‘Gewoon geld geven’ blijkt nog niet zo eenvoudig

Collectief Kapitaal is een beweging van mensen die vinden dat bestaanszekerheid voor iedereen gegarandeerd moet zijn. Het principe is eenvoudig: de meeste deelnemers leggen maandelijks een bedrag in, terwijl anderen juist een bedrag ontvangen. Wat zijn de gedachten erachter? En wat zijn de effecten voor de deelnemers aan beide kanten?

Collectief Kapitaal begon in Amsterdam met in de eerste ronde vijf deelnemers aan de ontvangende kant. Zij kregen in de periode van september 2021 tot en met april 2022 maandelijks duizend euro overgemaakt. Inmiddels zijn er meer dan 800 donateurs en verspreidt de beweging zich naar Rotterdam en andere steden. Per ronde gaat het altijd om vijf ontvangende deelnemers, het aantal donateurs varieert.

Bestaanszekerheid in het midden

‘Collectief Kapitaal is ontstaan vanuit de vraag naar solidariteit.

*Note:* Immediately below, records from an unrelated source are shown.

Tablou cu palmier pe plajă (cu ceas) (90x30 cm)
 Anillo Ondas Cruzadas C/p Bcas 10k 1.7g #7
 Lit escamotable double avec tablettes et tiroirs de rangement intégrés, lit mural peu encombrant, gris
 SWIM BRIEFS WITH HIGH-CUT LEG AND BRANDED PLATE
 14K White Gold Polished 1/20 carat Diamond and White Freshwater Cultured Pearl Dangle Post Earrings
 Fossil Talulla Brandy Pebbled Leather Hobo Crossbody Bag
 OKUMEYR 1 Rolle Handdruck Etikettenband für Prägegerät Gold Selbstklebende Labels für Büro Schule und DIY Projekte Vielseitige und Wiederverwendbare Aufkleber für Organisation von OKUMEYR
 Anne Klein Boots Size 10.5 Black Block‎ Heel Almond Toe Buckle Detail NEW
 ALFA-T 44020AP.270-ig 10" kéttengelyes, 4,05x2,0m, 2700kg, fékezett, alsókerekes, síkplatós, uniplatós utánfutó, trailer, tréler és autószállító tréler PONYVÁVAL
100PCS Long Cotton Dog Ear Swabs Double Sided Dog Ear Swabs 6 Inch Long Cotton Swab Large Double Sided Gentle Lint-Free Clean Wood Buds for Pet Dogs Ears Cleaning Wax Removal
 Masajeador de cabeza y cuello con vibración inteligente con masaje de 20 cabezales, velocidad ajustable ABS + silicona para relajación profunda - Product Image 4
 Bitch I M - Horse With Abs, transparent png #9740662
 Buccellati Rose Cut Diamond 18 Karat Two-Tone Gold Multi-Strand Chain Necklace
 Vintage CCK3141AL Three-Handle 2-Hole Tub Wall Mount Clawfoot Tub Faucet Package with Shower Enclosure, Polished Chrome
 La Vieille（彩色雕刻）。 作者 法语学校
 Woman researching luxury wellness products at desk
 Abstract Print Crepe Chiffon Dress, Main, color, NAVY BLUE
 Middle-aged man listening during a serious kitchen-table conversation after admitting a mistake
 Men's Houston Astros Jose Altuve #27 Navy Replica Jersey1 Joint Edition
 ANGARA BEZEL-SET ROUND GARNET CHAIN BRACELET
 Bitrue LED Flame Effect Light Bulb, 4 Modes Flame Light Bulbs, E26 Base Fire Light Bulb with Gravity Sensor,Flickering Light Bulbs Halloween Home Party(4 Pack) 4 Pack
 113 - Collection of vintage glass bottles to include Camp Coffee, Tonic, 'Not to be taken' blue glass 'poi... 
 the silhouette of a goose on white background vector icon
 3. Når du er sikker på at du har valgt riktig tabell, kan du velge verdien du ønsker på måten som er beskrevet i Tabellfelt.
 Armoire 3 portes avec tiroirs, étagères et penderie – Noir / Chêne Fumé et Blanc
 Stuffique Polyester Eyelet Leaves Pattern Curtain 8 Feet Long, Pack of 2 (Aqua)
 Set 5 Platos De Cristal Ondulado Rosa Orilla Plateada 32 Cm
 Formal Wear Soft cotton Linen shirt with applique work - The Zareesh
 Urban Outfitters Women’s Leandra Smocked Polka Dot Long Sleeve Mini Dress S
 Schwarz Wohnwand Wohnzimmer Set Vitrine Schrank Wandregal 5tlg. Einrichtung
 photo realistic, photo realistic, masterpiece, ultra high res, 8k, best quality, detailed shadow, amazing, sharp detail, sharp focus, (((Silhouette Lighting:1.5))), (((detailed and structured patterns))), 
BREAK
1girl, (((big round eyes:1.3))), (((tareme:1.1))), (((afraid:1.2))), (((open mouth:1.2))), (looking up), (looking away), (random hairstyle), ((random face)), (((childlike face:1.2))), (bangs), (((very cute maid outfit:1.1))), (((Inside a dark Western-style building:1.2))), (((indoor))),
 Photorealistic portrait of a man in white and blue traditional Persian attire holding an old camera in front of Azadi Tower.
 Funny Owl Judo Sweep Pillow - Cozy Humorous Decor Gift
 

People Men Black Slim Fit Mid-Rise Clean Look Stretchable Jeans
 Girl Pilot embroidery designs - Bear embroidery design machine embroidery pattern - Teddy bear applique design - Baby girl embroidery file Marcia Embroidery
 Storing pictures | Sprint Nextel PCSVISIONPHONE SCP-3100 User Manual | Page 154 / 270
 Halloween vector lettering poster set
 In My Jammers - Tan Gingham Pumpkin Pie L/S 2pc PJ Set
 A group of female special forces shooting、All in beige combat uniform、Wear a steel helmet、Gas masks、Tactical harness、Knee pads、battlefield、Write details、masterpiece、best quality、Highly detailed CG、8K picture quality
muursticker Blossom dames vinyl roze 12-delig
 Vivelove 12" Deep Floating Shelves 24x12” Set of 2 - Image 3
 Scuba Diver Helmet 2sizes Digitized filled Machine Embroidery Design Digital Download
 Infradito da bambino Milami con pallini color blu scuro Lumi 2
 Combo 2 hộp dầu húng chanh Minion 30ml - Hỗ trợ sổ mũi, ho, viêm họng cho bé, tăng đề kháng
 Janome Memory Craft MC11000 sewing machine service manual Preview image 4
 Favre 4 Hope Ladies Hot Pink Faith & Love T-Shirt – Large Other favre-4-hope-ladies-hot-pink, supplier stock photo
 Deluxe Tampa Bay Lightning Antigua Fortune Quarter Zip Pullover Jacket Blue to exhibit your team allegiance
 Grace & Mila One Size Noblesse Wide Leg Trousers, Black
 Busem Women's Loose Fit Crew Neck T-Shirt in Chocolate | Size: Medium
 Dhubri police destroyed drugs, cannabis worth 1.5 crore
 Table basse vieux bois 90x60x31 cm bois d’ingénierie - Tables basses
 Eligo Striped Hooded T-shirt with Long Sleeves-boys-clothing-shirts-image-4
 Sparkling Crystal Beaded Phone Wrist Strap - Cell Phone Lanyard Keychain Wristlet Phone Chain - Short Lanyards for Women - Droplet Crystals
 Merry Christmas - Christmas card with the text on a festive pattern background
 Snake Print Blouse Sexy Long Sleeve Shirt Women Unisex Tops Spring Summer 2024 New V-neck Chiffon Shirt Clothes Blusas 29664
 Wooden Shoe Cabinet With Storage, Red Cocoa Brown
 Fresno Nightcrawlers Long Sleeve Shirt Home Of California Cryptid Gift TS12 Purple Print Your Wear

Wat is dat tegenwoordig nog?’, vertelt initiatiefnemer Denise Harleman. ‘En die vraag kun je alleen beantwoorden als je bestaanszekerheid in het midden van de samenleving zet.’ Daarmee bedoelt ze dat bestaanszekerheid niet een kwestie is van of-of: het is niet een individueel probleem van iemand die een tekort ervaart, maar het is ook niet een verantwoordelijkheid van de overheid alleen. ‘Het is een collectieve verantwoordelijkheid van de samenleving. Wij beogen een beweging vanuit de periferie naar het midden. Waardoor iedereen zich de vraag moet stellen: wat is mijn verantwoordelijkheid hierin?’

Fundamenteel anders

Vanuit deze gedachtegang is een aanpak ontstaan die op drie punten fundamenteel afwijkt van de meeste gangbare aanpakken om bestaanszekerheid te vergroten. Het eerste verschil is dat bij Collectief Kapitaal de onderlinge relaties belangrijk zijn. ‘Die tussen de leden onderling, maar ook de manier waarop de leden zich verhouden tot zichzelf, en hoe zij zich verhouden tot de overheid.’

Normenstructuur

Het tweede verschil komt voort uit de constatering dat bestaanszekerheid en armoedebestrijding altijd ingebed zijn in een bepaalde normenstructuur. ‘Iemand heeft recht op een uitkering, maar dat gaat altijd gepaard met voorwaarden’, verduidelijkt Harleman. ‘Niet om hulp vragen terwijl dat wel nodig is, dat komt ook voort uit de heersende normen. Begrippen als waardigheid, bejegening en zelfbeschikking, daar gaat de normenstructuur over. Daar moeten we dus ook naar kijken. Met het aanpassen van complexe wet- en regelgeving, hoe nodig ook, zijn we er dus niet.’

Postcodegebied en loten

De eerste twee verschillen leiden automatisch tot het derde grote verschil met reguliere aanpakken, namelijk dat de uitvoering echt anders is. ‘In de deelnemende steden selecteren we een postcodegebied en daarbinnen mag iedereen zich aanmelden als ontvangend lid. Iemand kan dus voor zichzelf bepalen dat hij “recht” heeft op de bijdrage. Onder de inschrijvers vindt er vervolgens een loting plaats.’

Zonder contact

En dan begint het pas echt. ‘We hebben veel geleerd van de eerste ronde in Amsterdam’, blikt Harleman terug. ‘Vanuit de wens om te werken vanuit gelijkwaardigheid en vertrouwen, was de insteek dat er geen contact zou zijn tussen de donerende en ontvangende deelnemers. Maar door het uit de weg gaan van contacten, bleef iedereen op de eigen plek en veranderde er niets in de rollen, concludeerden we na verloop van tijd.’ Die conclusie volgde onder meer uit het feit dat verschillende deelnemers aan het eind van de eerste ronde aangaven dat zij wel wat meer contact hadden willen hebben. ‘Iemand zei na afloop dat het goed geweest zou zijn als er aan het begin samen was gekeken naar waar deze persoon aan het einde van de periode wilde staan.’

Geen voorwaarden

De aanpak evolueerde. Nog steeds worden er geen voorwaarden gesteld bij het ontvangen geld. Maar over en weer maken de deelnemers wel afspraken. En dat is een continue ontdekkingstocht, vertelt Harleman: ‘We willen weg blijven van het bevoogdende, van het paternalistische. We willen geen termen als “begeleiding” en “budgetcoach” bezigen. Maar vanuit de ontvanger kan er wel een vraag komen. Bijvoorbeeld dat iemand het moeilijk vind om te sparen. Dán gaan we iets inrichten.’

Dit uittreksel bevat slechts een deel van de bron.